4. Gift Bags for next year. Cut off the front part and paste them on regular brown shopping bags (the ones with the handles) to use as gift bags for the following Christmas. I thought it was a great idea, if you have the time. This is earth friendly, recycles old brown grocery bags and Christmas cards at once!
5. Scrap booking Embellishments. Some cards are so pretty, why not save the best parts of the cards for scrap booking. Gold and scalloped borders look so nice around pictures and you can use your fancy scissors to cut out the other shapes and decorative items for your holiday scrapbooks.
6.Table Place Cards. If you either cut out strips or just use cards that will fold nicely, you can make table place cards for your next holiday dinner. Just get a paint marker to write out everyone’s names on the front of each one.
7. Have the kids make tree ornaments. Get some lace, beads, ribbon, or whatever scraps you have around the house. Get some of Alene’s Tacky Glue and glue the inside to the outside that way they will not come apart. They are super thick and then add some lace around the edges, or decorate however you like. Maybe get some glittered glue and highlight some areas to make it look like it is sparkling. Let the kids be creative! Put a hole on the edge and make original tree ornaments out of them.
8. Donate them to St. Jude’s Ranch! For a while the program was suspended, but I was so happy to hear that this year they are accepting donations again!
They accept all-occasion greeting cards. You can mail your donations to:
St. Jude’s Ranch for Children
Card Recycling Program
100 St. Jude’s Street
Boulder City, NV 89005
St. JUde’s Ranch Recycled Card Program History
Over thirty years ago, wishing to show our donors appreciation for making St. Jude’s Ranch for Children possible, the idea was conceived for turning the previous year’s Christmas cards into “new” cards for the coming season. The recipients were so delighted with their unique “thank you,” they requested the children sell them the special cards. And so, the St. Jude’s Ranch Recycled Card Program was born.
Since then, the Program expanded to include all occasion greeting cards…just about anything that starts with a used greeting card front. People from all over the world have sent us their used card fronts!
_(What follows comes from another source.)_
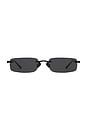 view 1 of 2 Kendall Sunglasses in Gloss Black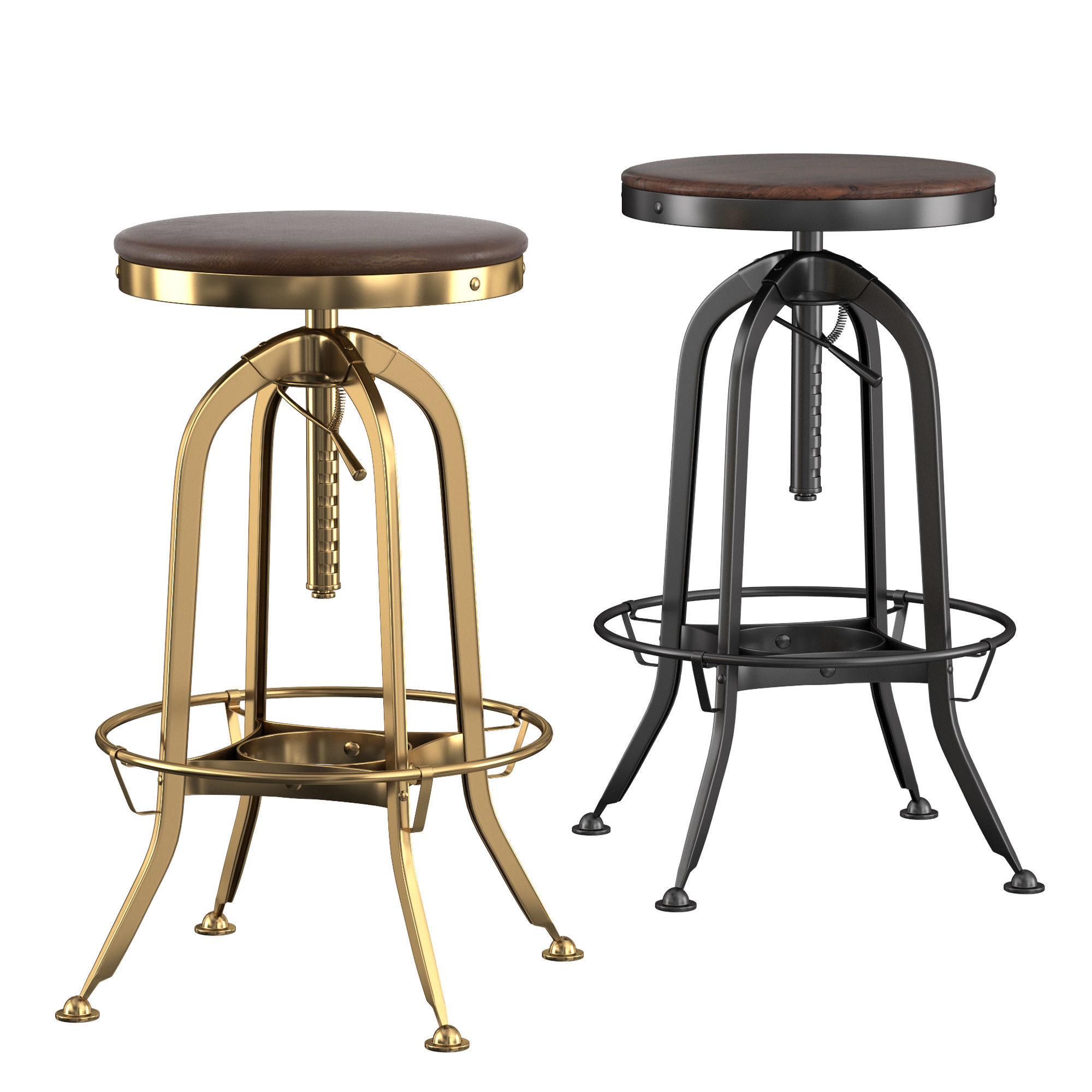 Bar Stool Toledo 3D model_2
The children participate in making the new recycled cards by removing the front and attaching a new back made with recycled paper. The new card is a beautiful, “green” card made by the children and volunteers. The benefits are two-fold: customers receive “green” holiday cards for use and the children receive payment for their work and learn the benefits and importance of “going green”.
The ongoing support for the Recycled Card Program has been overwhelming! The Program grew and soon we were receiving over one million cards. We temporarily suspended the Program while we redesigned the process to more efficiently manage the increased production from the increased volume.

For more information about donating your cards click here.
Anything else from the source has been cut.